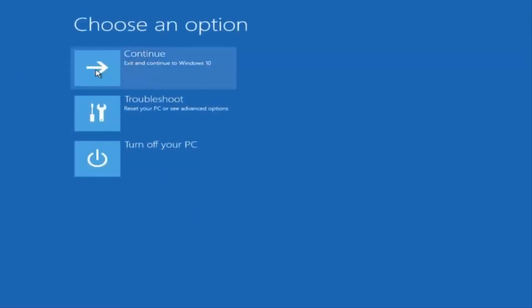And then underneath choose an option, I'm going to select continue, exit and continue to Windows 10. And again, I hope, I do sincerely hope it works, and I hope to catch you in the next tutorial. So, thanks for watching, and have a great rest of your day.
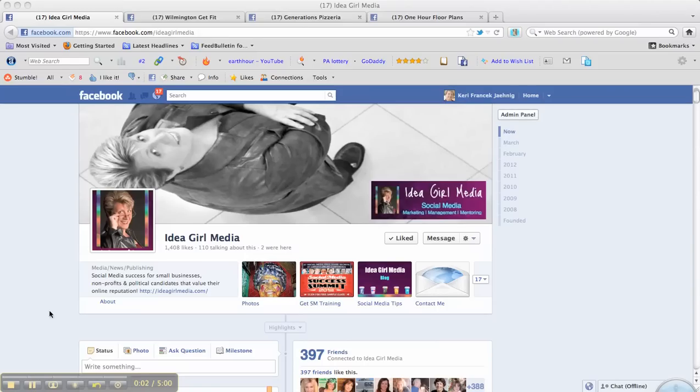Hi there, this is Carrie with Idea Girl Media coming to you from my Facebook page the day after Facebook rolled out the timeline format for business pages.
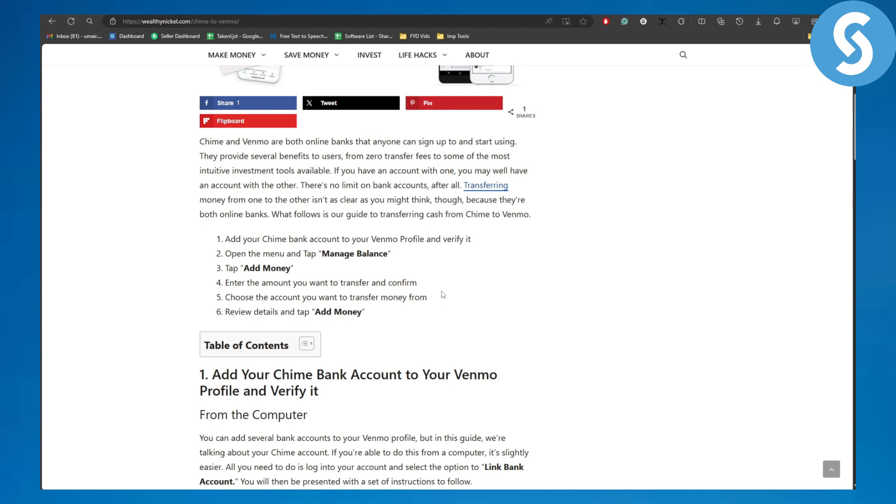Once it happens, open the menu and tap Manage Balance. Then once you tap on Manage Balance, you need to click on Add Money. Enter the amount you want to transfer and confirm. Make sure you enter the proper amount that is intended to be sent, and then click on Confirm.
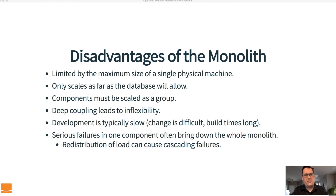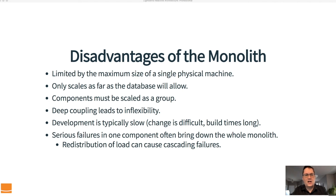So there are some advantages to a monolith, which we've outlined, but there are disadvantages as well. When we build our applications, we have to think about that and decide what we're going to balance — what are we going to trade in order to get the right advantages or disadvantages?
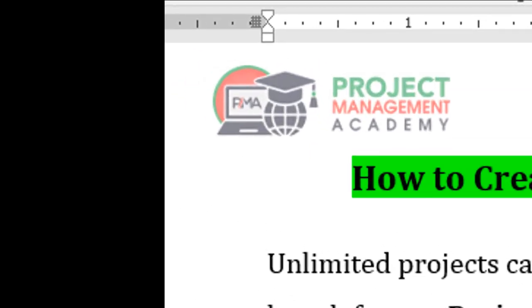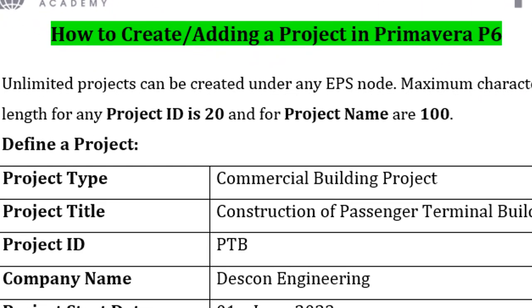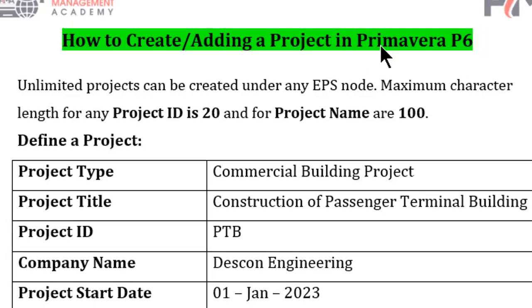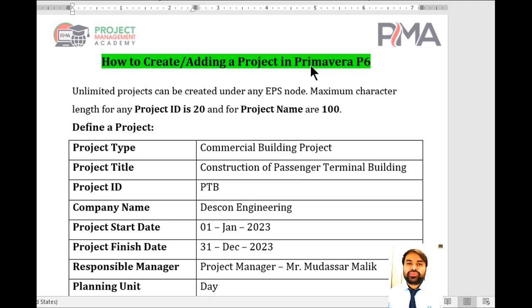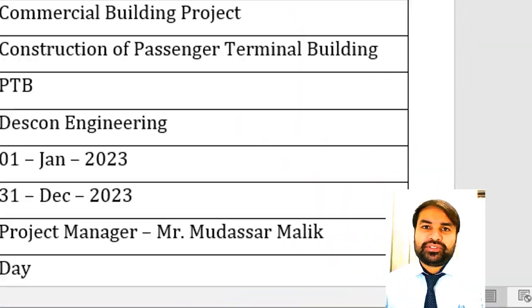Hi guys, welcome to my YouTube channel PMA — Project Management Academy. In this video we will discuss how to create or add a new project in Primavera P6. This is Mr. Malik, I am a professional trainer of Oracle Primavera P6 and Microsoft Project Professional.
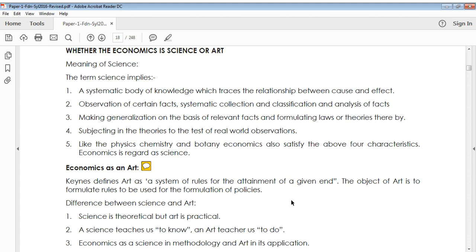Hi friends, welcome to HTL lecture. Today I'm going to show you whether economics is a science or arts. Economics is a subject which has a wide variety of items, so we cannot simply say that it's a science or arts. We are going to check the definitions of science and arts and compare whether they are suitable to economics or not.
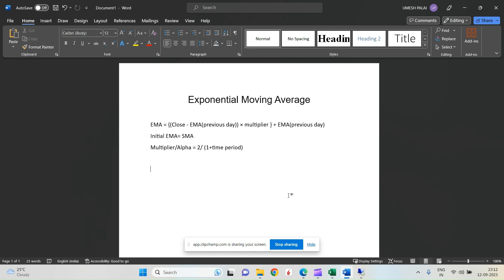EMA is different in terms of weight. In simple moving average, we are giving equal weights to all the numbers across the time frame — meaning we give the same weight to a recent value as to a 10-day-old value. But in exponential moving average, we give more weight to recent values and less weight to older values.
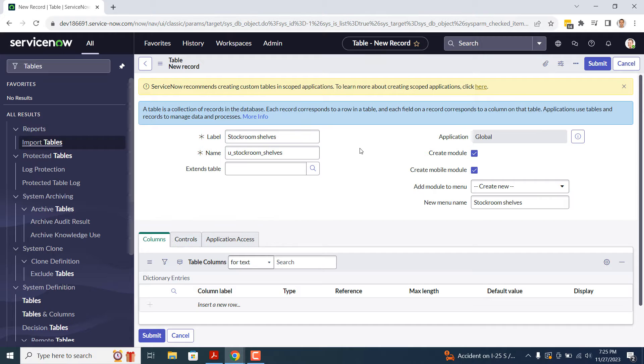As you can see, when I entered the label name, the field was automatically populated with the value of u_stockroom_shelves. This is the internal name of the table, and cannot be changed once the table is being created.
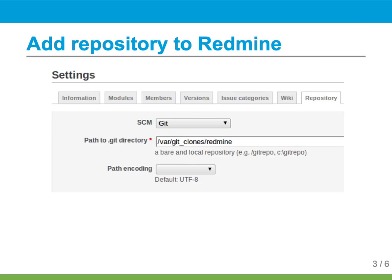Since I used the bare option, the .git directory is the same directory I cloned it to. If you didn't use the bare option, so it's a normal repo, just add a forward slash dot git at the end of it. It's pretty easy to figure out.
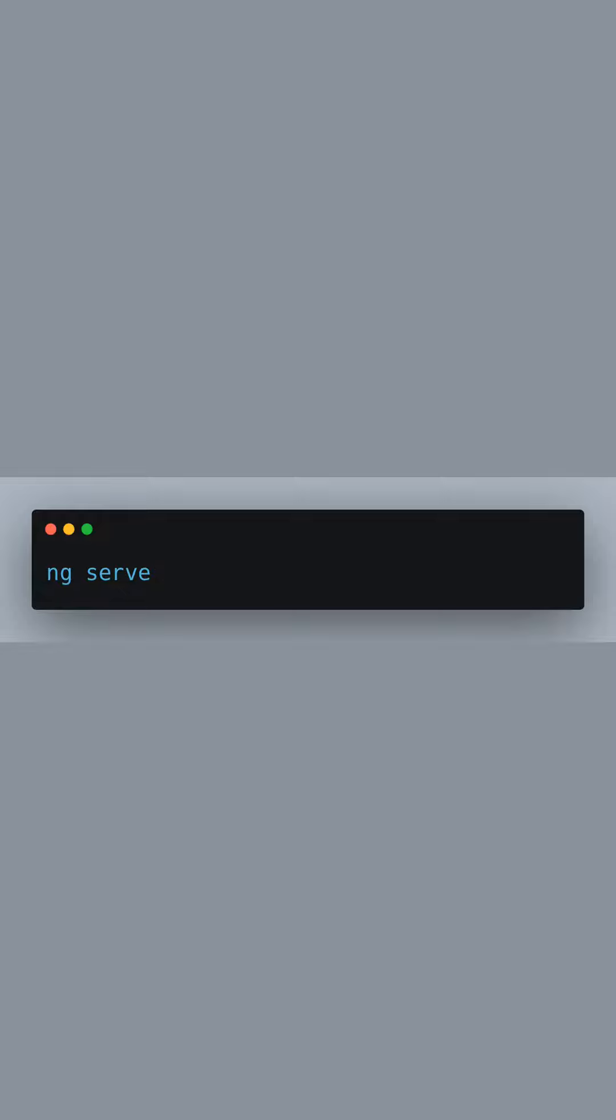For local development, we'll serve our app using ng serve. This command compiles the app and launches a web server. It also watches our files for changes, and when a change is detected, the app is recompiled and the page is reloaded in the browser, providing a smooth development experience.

* Your goal:
Retype the entries above exactly, starting at their first line and ending with the line that holds "So there are"; pictures stay out.

* Answer area:
And then underneath choose an option, I'm going to select continue, exit and continue to Windows 10. And again, I hope, I do sincerely hope it works, and I hope to catch you in the next tutorial. So, thanks for watching, and have a great rest of your day.
Hi there, this is Carrie with Idea Girl Media coming to you from my Facebook page the day after Facebook rolled out the timeline format for business pages.
Once it happens, open the menu and tap Manage Balance. Then once you tap on Manage Balance, you need to click on Add Money. Enter the amount you want to transfer and confirm. Make sure you enter the proper amount that is intended to be sent, and then click on Confirm.
So there are some advantages to a monolith, which we've outlined, but there are disadvantages as well. When we build our applications, we have to think about that and decide what we're going to balance — what are we going to trade in order to get the right advantages or disadvantages?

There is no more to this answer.